Enterprise wiki vendor SocialText rolled out version 2.0 of its software this morning and made a couple of changes that are important for people beyond its existing customer base. The changes include a drastic overhaul to the standard wiki interface and the release of a REST API to enable mashups with the company’s wikis.
SocialText has been in the market for four years. The 30 employee company has more than 2,000 customers and received funding from an all-star cast including Draper Fisher Jurvetson, SAP Ventures, the Omidyar Foundation, Joi Ito and Reid Hoffman. Wikipedia founder Jimmy Whales, Tim Draper, Joi Ito and SocialText’s Ross Mayfield make up the company’s board of directors.
The new version of the software engages head on with what has been the biggest problem for SocialText and wikis in general; user interfaces have been awful. Today SocialText has added a number of features intended to make adoption by nontechnical users particularly easy.
All of these UI changes could be summarized by saying that SocialText users no longer have to feel stuck in wikispace - there are now familiar and high-level perspectives available from which to interact with the wiki functionality. The company has made a good screencast demonstrating much of these changes.
APIs
The other big news about the new SocialText is the release of a REST API for developers interested in mashing up SocialText wikis with other data and services. The API has already been used to create an off-line SocialText client and at least one Google Maps mashup.
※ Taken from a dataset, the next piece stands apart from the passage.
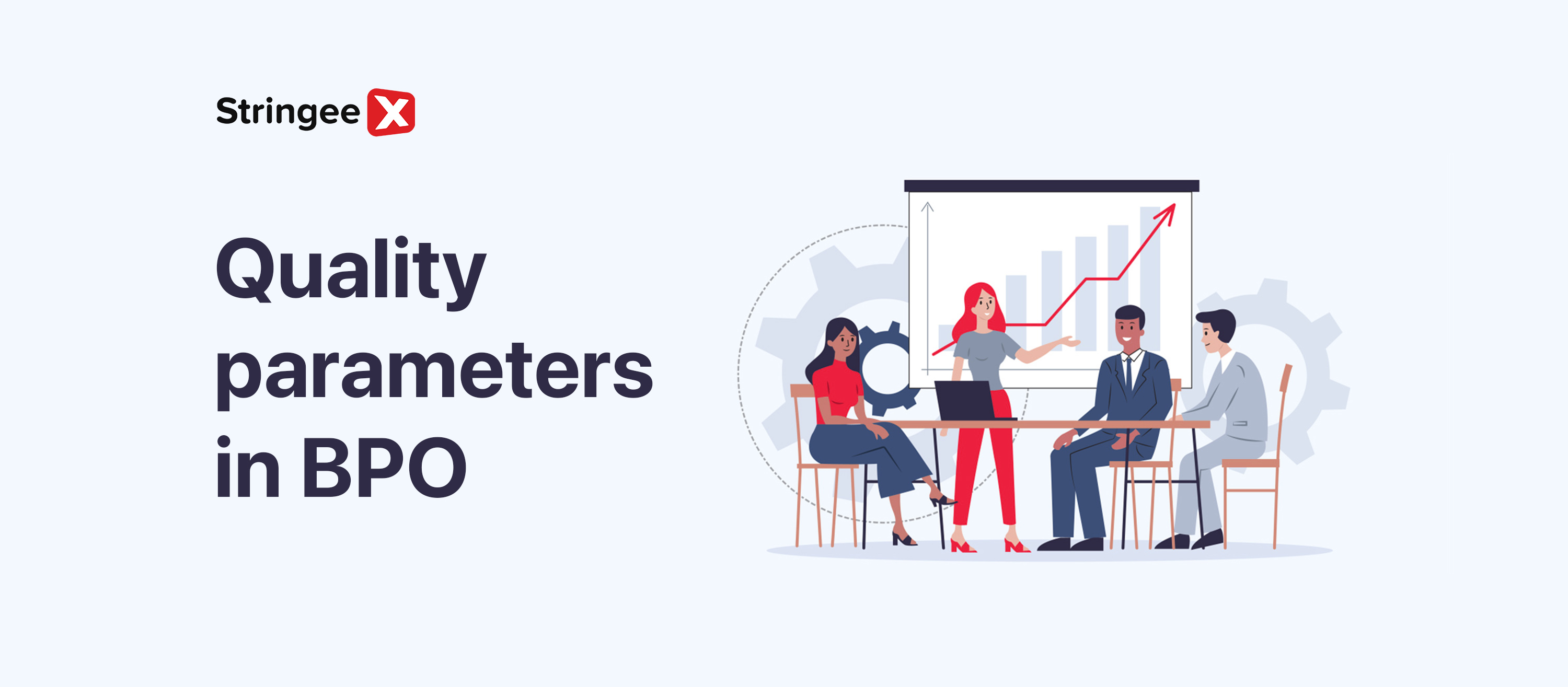 10+ Quality parameters in BPO that maintain the performance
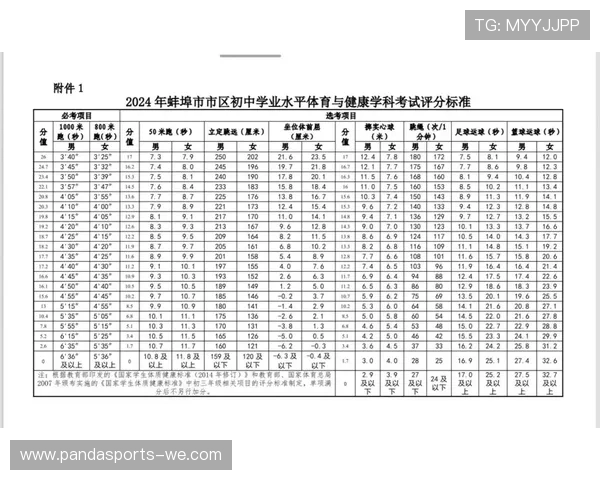 中考体育考试必考项目及评分标准全面解析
A SOAP API has been available from SocialText for some time.
While APIs are not uncommon in the consumer wiki space (see the excellent PBWiki, for example, who just released an API this week) SocialText’s open source enterprise APIs are just the most recent of a long list of valuable contributions they’ve made to the online community. From donating their open source WYSIWYG toolbar to the world (a resource intensive thing to build from scratch) to offering free hosted wikis to important projects like Mary Hodder’s Speakers Wiki (a list of tech speakers, many women, for conference organizers to refer to) SocialText has a history of authentic actions exemplifying the “give more/get more” ethic.